[player]それなら、どうして私にこんなことをさせるんですか?
[player]私は「幾度春」に一度も行ったことがないですし、特定の分野の専門知識もありません……うーん、魔法も使えないし、超能力もないし。
[player]「金持ちは科学技術に頼り、貧乏人は突然変異に頼る」みたいなSFの定番も私には当てはまりませんし。
玖辻は私を見ながら軽く頷いた。どうやら私の言葉に同意したようだ。
[玖辻]確かにそのとおりだな。けど、アンタが平々凡々なヤツだからってそう自分を卑下しなくていい。
[player]お認めいただき、大変光栄に存じマス……
[玖辻]でもま……誰から見てもそんな風に映るとは限らないんだぜ。一飜市中の上流階級から小学生に至るまで、アンタとなら誰だって友達になれる。こういうネットワークは情報屋なら誰もが欲しがるもんさ。
[player]それは私が善良な市民だからです。
[玖辻]アンタがそう言うなら、そうなんだろうよ。「ストリクス」の調査で、アンタが本当に一飜市に住むごく普通の善良で犯罪記録も一切ない市民だということがわかった。
[player]法律を遵守するのは市民として当然の義務なんですが、あなたにわかってもらうのは難しそうです。
[玖辻]んだよ、まーた人を無法者みたいに言ってよォ。実際に調べてみろ、俺が清廉潔白な人間だってことがわかると思うぜ。
[玖辻]けどな、旦那には普通の奴には出来ないことが一つある。自由に魂天神社に出入りし、尋常じゃない経歴を持つ巫女からご主人と呼ばれるのは、一飜市中でも旦那一人だけだ。
[player]いや、後半はまあわかりますけど、自由に魂天神社に出入り出来るっていうのは誰でもそうですよね? 「無料麻雀魂天会館」って呼ばれてるくらいだし。

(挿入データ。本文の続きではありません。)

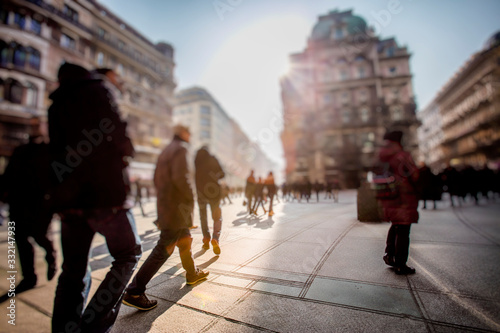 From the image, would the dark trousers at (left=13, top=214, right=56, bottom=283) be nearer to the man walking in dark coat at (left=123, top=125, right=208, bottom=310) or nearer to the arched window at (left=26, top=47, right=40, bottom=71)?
the man walking in dark coat at (left=123, top=125, right=208, bottom=310)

[玖辻]出入り出来るのは神社のごく外側の施設だけだ。全体の規模からして、本殿の後ろには一般開放されてないエリアがある。それもかなり広い。
[玖辻]俺達の推測通りなら、旦那ならそこに入れるはずだ。
[player]人の好奇心を気軽に刺激しないでくださいよ。魂天神社に好奇心を持ちすぎると、猫に殺されるかもしれませんよ。
[玖辻]俺ァただ、親切心でこの情報を共有してやったんだ。行くかどうかは旦那自身で決めな。
[玖辻]もちろん、立ち入ったことで何か取引したいことが出来たら、いつでも俺ンとこに来てくれ。
[player]つまり、あなたはそれが理由で私に行かせることにしたんですか?
[玖辻]そうだと言ったら信じるか? 魂天神社の最も謎めいた領域にも入れる奴なら、東城玄音に近付くのだって難しくないはずさ。
[玖辻]一種の大博打だと思ってくれ。アンタが東城玄音を封じ込めている厳重な箱の蓋を開けられるヤツだってことに賭けてんだよ。
[player]どこが大博打なんだか。明日私が任務に失敗しても、あなたには何の損失もないし。
[玖辻]ンなこたない。こちとら汗水たらして働いて稼いだ金をかけてんだぞ。
玖辻は話しながら私をじろじろ観察したかと思うと、突然視線を私のスマホの画面に定めた。さっきパスワードをメモしたまま、ロックし忘れていた。彼は私のスマホを奪い取り、画面をじっくりと眺めると嫌悪感も露わに私を見た。
[玖辻]旦那ァ、「kutsujichouikemen」なんて誰もが知ってる事実だぞ、メモる必要なんてあるか?
[player]うーん……この文字列が意味と一緒に私の脳裏に浮かんだ日には、私の顔、スタイル、礼儀作法や美徳、清らかな性格、果てには魂まで根こそぎ破壊されると思います。
玖辻は冷たく笑うと、メモの「kutsujichouikemen」の文字列を素早く削除した。そしてアドレス帳を開き、電話番号のような数字を入力し、名前の部分に力強く「超絶イケメン玖辻」の八文字を打ち込んだ。
[player]あなた……まさか全部のアカウントをこのパスワードにしてるなんて言いませんよね?
[玖辻]ふん、そんなわけねぇだろ。こんなパスワード、どう見てもダミーじゃねぇか。信じる奴がいるたァ驚きだぜ。
[player]は?
[玖辻]つー訳で、覚えられないんじゃないかって心配はしなくていい。本当の暗証番号はアンタの誕生日だからな。
もしこれが恋愛映画なら、ロマンチックな展開だと思うかもしれない。
もしこれが友情映画なら、相手のために喜んで犠牲を払うかもしれない。
しかし会うのも二度目の、ほぼ初対面の人相手じゃ、この情報はあまりにも行き過ぎだ。彼とはもうすっぱりと縁を切りたい。